Dr Thakur said there should be a demand by member states for a report, every two years, by the Advisory Committee on Administrative and Budgetary Questions (ACABQ) on regional representation in the ranks of USG, ASG and D2.
“The very fact of having to provide this documentation will make the Secretary-General and the UN system much more sensitive to the inequitable representation,” he declared.
Samir Sanbar, a former Assistant Secretary-General and one-time head of the Department of Public Information, told IPS that “equitable geographical representation by developing members –as required by the U.N. Charter– has been eroding consistently over the last two decades, despite the availability of qualified candidates.”
In the current unusual situation, he pointed out, two UK citizens now head two Secretariat Departments (Humanitarian Affairs and Global Communications) while a citizen of New Zealand heads Management, Portugal heads the office of legal affairs, France keeps heading the Peacekeeping Department (since 1996) and China holds Economic/Social Affairs. The US traditionally heads the Department of Political Affairs, and Russia heads the UN office in Vienna, after earlier heading the office in Geneva.
Initially, appointments from key countries were made selectively by the Secretary-General based on the merit of presented candidates.
Sanbar also pointed out there were some illustrious USGs—irrespective of their nationalities—- because of their superlative credentials.
For example, he said, Brian Urquhart was the most distinguished head of the Peacekeeping Department regardless of his solid U.K. citizenship. So was Bernard Miyet of France.
Similarly, were other heads of departments from developing countries like Sergio Vieira de Mello (Brazil), Jayantha Dhanapala (Sri Lanka) and Nitin Desai (India), said Sanbar, who served under five different secretaries-general during his career at the UN.
So is Guterres’ highly regarded Chef de Cabinet
“Our inspiring Dag Hammarskjold reportedly quipped: The U. N. needs the big powers to survive and small powers to succeed,” declared Sanbar.
Meanwhile, the 53-member Asia Pacific Group accounts for about 27 percent of UN member states and over half the world’s population– but still constitutes only around 17 per cent of the Secretariat’s international staff.
Pointing out these discrepancies, Mahesh Kumar of India told the Administrative and Budgetary that while the UN Charter puts equitable geographical representation at the heart of human resources management, challenges continue to persist.
He said out of a total UN Secretariat staff of 38,000, less than 10 per cent are covered by the system of desirable ranges.

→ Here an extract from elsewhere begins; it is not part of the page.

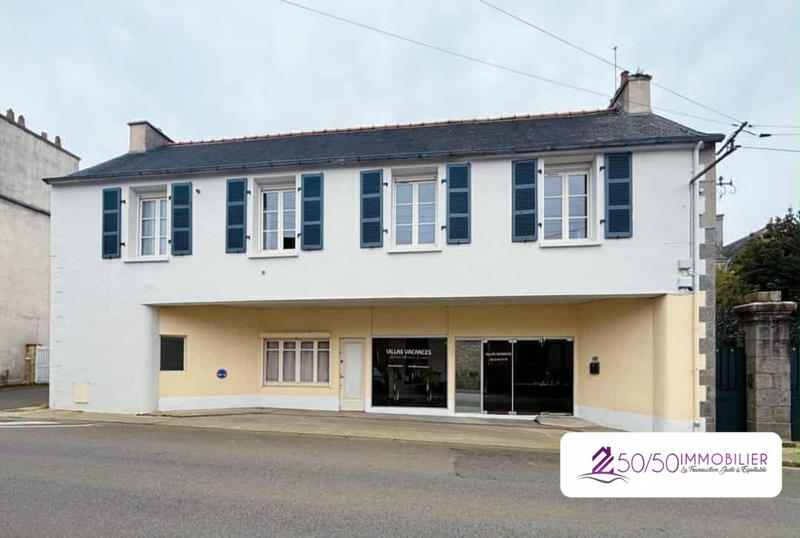 Appartement - 156 m² - 6 pièces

Even for these 3,600 posts, 64 countries are listed as un-represented or under-represented and 50 of these 64 are developing countries.
Further, the number of member states in the category of un-represented or under-represented continues to increase since 2014.
In addition, nearly 60 more developing countries are close to the lower level of their desirable range of representation and remain at risk of slipping into the under-represented category, he said.
“These numbers paint a very stark picture of the current inequitable representation,” he said.
He complained that regional disparity remains especially stark at senior level positions, adding that in peacekeeping positions too, the regional disparity is glaring.
Nearly half of the Force commanders — six out of 14 – are from Western European and Others Group, comprising only 14% of total member states.
Currently, the five biggest troop-contributors to the 90,000-strong UN peacekeeping force overseas include: Ethiopia (7,597 troops), Bangladesh (6,624), Rwanda (6,528), India (6,445) and Nepal (6,098).
In contrast, among the P-5 countries, China is the 10th largest troop contributor with 2,515 troops, France ranks 31 with 729, UK ranks 36 with 618, Russia ranks 68 with 85 and the US ranks 77 with 51 troops.